Stored data

::::::

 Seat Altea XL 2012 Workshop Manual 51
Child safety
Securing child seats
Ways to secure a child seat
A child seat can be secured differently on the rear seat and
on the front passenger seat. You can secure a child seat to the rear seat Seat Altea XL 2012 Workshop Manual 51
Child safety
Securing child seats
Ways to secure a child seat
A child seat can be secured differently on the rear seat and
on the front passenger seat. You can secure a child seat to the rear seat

::::::

PROBLEM STATEMENT
Find the string "front" in the entries above and return each line that holds it.

EXERCISE RESPONSE
on the front passenger seat. You can secure a child seat to the rear seat Seat Altea XL 2012 Workshop Manual 51
on the front passenger seat. You can secure a child seat to the rear seat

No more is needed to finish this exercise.